INTRODUCTORY NOTE
IN the eighteenth chapter of “The Acts of the Apostles” an account is given of the founding by Paul of the Church of Corinth. At that time Corinth was a great seaport, with a cosmopolitan population and an apparently well-deserved reputation for immorality. Not long after Paul's departure, it appears that some members of the Church fell back into the evil ways of the place, and their brethren wrote to Paul for advice. Paul's reply, now lost, seems to have been misunderstood; and their answer, along with oral reports which had reached the apostle, called forth the first of the two extant epistles. This was written at Ephesus, probably in 54 A. D., though some scholars date it three or four years later.
Our second epistle was sent from Macedonia, after Paul had been forced to flee from Ephesus, a few months after the date of the first. Like the first, it deals with scandals and divisions in the Corinthian Church, but rejoices over some matters on which its founder could offer congratulations. The more painful part of the letter, chapters X to XIII, is supposed by some to be part of an epistle coming between the first and the second.
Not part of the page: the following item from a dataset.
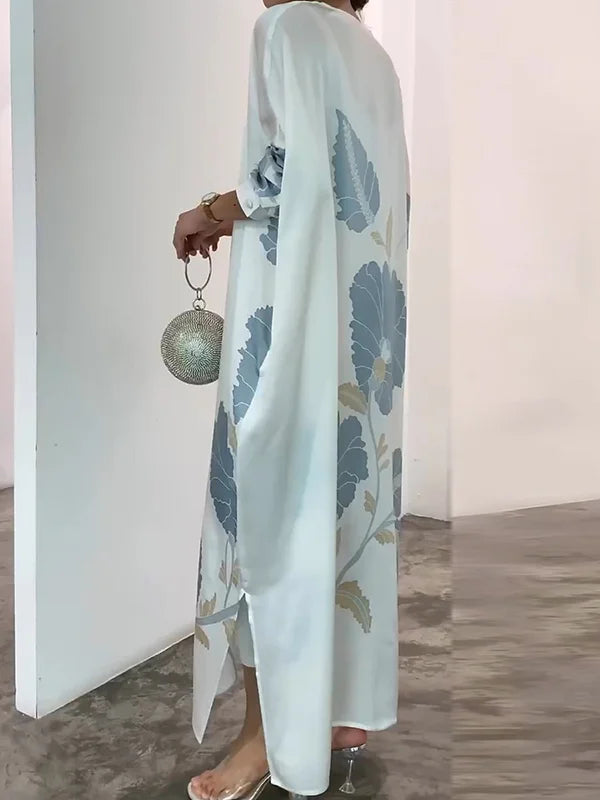 Long Sleeves Buttoned Contrast Color Flower&Leaves Print Muslim V-Neck Maxi Dress M 133414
The two letters give a very vivid picture of the perils through which the infant church struggled in the midst of a vicious pagan society, before its fundamental principles were firmly grasped, and while opportunities abounded to be led astray by rival teachers. Paul addresses himself to the unpleasant task of discipline with straightforwardness and courage, yet with much tenderness; and in holding up to his converts the gospel as he conceived it, he rises to a pitch of sublime eloquence.